» Description of the task:
Starting with the line that contains "2024新澳精准资料免费提供下载,高速解析方案响应_3K11.805", copy out each line through the end of the entries below, exactly as written, and nothing else.

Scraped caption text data
------------------------------------------------------------------------

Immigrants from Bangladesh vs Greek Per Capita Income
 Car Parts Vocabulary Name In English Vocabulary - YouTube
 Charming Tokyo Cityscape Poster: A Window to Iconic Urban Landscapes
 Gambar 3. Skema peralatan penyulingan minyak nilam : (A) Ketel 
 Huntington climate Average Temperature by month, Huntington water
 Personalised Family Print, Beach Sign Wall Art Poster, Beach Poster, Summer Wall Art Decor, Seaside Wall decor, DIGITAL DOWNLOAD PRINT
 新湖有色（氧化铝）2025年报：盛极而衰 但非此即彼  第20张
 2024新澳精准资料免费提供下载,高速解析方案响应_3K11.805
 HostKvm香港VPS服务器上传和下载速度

------------------------------------------------------------------------

» Answer box:
 2024新澳精准资料免费提供下载,高速解析方案响应_3K11.805
 HostKvm香港VPS服务器上传和下载速度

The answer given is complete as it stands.